If that wasn’t bad enough, the racist abuse that followed after the game was equally, if not more, ugly.
Only in April following numerous instances of online abuse, a number of clubs, players, athletes and sporting bodies took part in a four-day boycott of social media.
But after they all missed in the 3-2 shootout loss to Italy, Jadon Sancho, Marcus Rashford and Bukayo Saka were immediately targeted on the same platforms, prompting condemnation from the government and the FA.
“This England team deserve to be lauded as heroes, not racially abused on social media,” said Prime Minister Boris Johnson. “Those responsible for this appalling abuse should be ashamed of themselves.”
The FA, not for the first time in recent months, expressed its outrage over such discrimination.
“We could not be clearer that anyone behind such disgusting behaviour is not welcome in following the team,” a statement said
“We will do all we can to support the players affected while urging the toughest punishments possible for anyone responsible.

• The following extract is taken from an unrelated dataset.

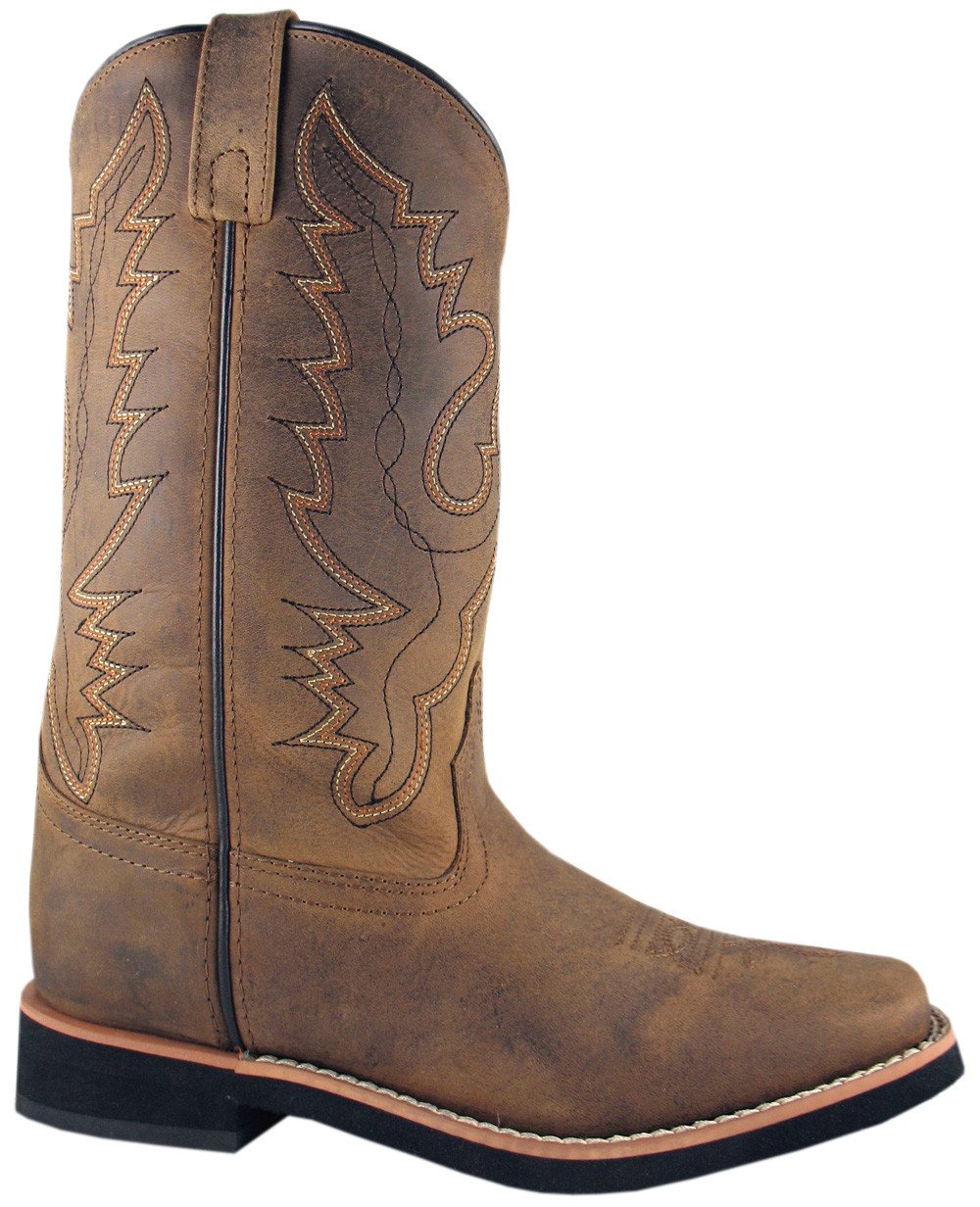 Women's Smoky Mountain Pueblo Leather Boot in Crazy Horse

“We will continue to do everything we can to stamp discrimination out of the game, but we implore government to act quickly and bring in the appropriate legislation so this abuse has real life consequences.”
While inquests over fan behaviour will continue, questions have been raised over the government’s decision to allow 60,000 fans into the stadium in the first place, just at the time when the country is experiencing the highest number of daily Covid cases anywhere in Europe.
German Chancellor Angela Merkel was one of those who expressed “grave concern” , questioning the decision to allow tens of thousands of spectators into Wembley for the semi-finals and the finals amid fears over the spread of the Delta variant, though whether her sudden concerns were motivated by another political opportunity to kick the Brexited English in an area that is sensitive for them, only she and her European colleagues can answer truthfully .
That’s another story, of course. But it nevertheless adds to the mood of national despondency and anguish in the aftermath of a competition England had high hopes of winning.